Rule 102(b)(1) states that disclosures by the inventor made 1 year or less before the inventor’s effective filing date are not prior art to the claimed invention (inventor) if:

(A) the disclosure was made by the inventor or by someone that acquired the invention directly or indirectly from the inventor; or
(B) the subject matter disclosed had, before such effective filing, had
been publicly disclosed by the inventor (assume “on sale” or “public use”) or by someone that acquired the invention from the inventor.

Further, Rule 102(b)(2) states a disclosure is NOT prior art to a
claimed invention if:

(A) the subject matter disclosed (remember within 12 months of the inventor’s patent filing date) was obtained directly or indirectly from the inventor;
(B) the subject matter disclosed had, before such subject matter was
effectively filed, been publicly disclosed by the inventor or by another who
obtained the invention from the inventor.

What does this mean:

The law provides the first person to file is entitled to the patent unless the invention has been publicly disclosed, publicly used, placed on sale or appears in a printed publication including a patent or published patent application.  However, such activity, i.e., publication, public use, disclosure or marketing, by the inventor or a person that obtained the information form the inventor,  will not bar the invention from patent protection if such disclosure, etc. occurred less than 12 months prior to the inventor’s filing of the patent application.

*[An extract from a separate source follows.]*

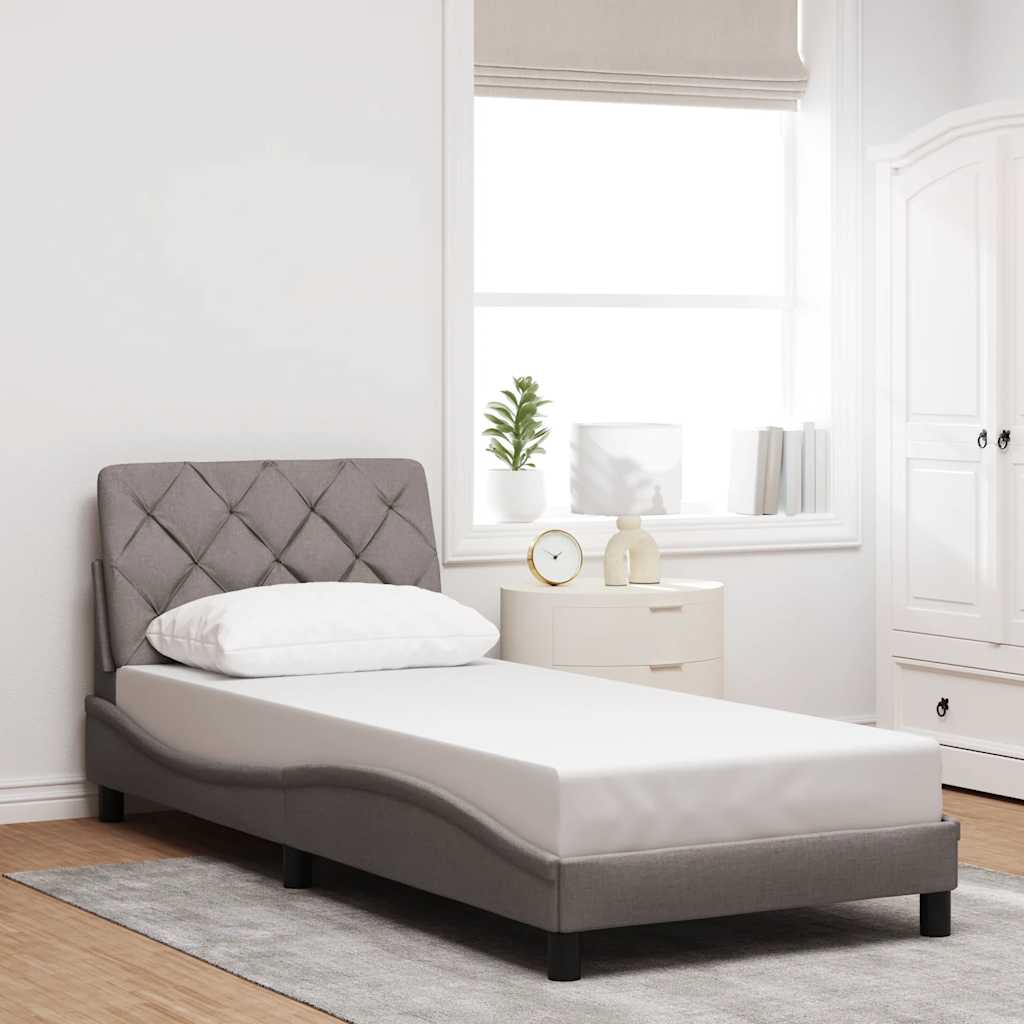 Rám Postele Bez Matrací Taupe 90X200 Cm Textil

Note, such disclosure, etc., by the inventor will bar another from being eligible to receive patent protection.  See Section 102(a)(i) & (2) above.

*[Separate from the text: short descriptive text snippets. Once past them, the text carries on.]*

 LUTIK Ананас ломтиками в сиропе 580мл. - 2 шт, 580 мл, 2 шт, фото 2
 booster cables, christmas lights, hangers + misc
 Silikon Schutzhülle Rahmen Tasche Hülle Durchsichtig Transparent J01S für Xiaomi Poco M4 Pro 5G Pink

The inventor however, has a 12 month grace period beginning from the disclosure to file his/her application for patent.  See Section 102(b).

Conclusion

The first party to file a patent application for a patent is eligible for award of a patent unless the invention has been previously disclosed.  If disclosed, the invention is not novel.  However, if the inventor has made the disclosure, he or his assignee has 12 months to file a patent application.

This 12 month grace period is different that the patent law of most other countries.  Most countries require absolute novelty prior to filing of a patent application, i.e., most countries do not give the inventor a 12 month grace period.